Altman Contractors was insured by Crum & Forster.   File photo

Altman notified Crum & Forster in 2013 of the notices and requested the insurer represent the company. Crum & Forster declined to defend the claim, according to the opinion. Eventually, Altman filed a claim in the U.S. District Court for the Southern District of Florida, which found "no ambiguity in the policy provisions at issue,” so he appealed to the 11th Circuit.

However, according to the state Supreme Court opinion, Altman's insurance policy did not provide definitions for a “civil proceeding” or “alternative dispute resolution proceeding” in definition to "suit."

After analyzing the meaning of “civil proceeding” and determining that Chapter 558 does not take place in a court of law or produce legally binding results, Polston wrote that “Chapter 558 sets forth a presuit process whereby the claim may be resolved solely by the parties through a negotiated settlement or voluntary repairs without ever filing a lawsuit."

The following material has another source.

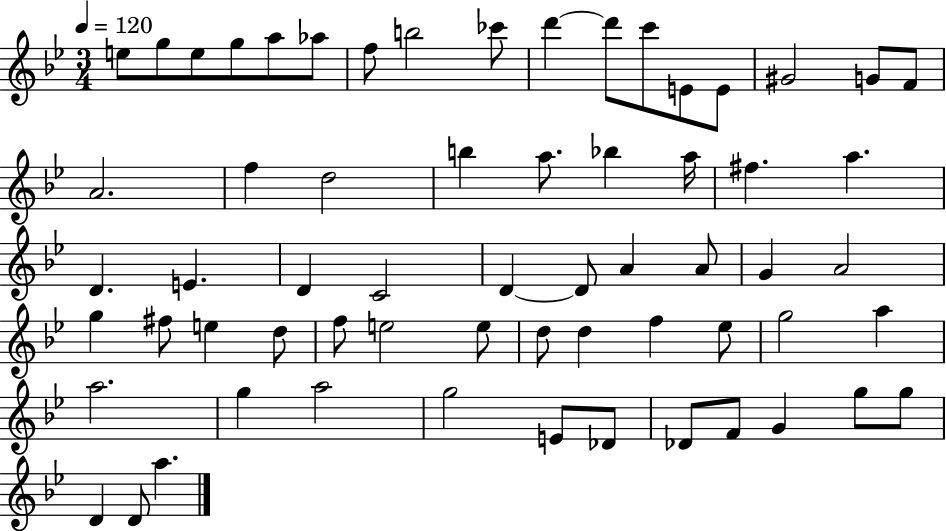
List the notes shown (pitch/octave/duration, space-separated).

E5/e G5/e E5/e G5/e A5/e Ab5/e F5/e B5/h CES6/e D6/q D6/e C6/e E4/e E4/e G#4/h G4/e F4/e A4/h. F5/q D5/h B5/q A5/e. Bb5/q A5/s F#5/q. A5/q. D4/q. E4/q. D4/q C4/h D4/q D4/e A4/q A4/e G4/q A4/h G5/q F#5/e E5/q D5/e F5/e E5/h E5/e D5/e D5/q F5/q Eb5/e G5/h A5/q A5/h. G5/q A5/h G5/h E4/e Db4/e Db4/e F4/e G4/q G5/e G5/e D4/q D4/e A5/q.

Though Polston notes there is no question for some of the claims in the underlying coverage of the policy, what is dubious “is the notice and repair process set forth in Chapter 558, Florida Statutes, a ‘suit’ within the meaning of the commercial general liability policy issued by C&F to Altman?” 

“However, we do not address whether, in this case, C&F consented to Altman’s participation in the Chapter 558 process, thereby giving rise to its duty to defend, because it is outside the scope of the certified question and an issue of fact disputed by the parties,” Polston wrote in the opinion.

After further analysis under the legal standard, the seven judges could not come to a final decision.

“We remand this case to the United States Court of Appeals for the 11th Circuit for further proceedings,” Polston wrote in the appeal.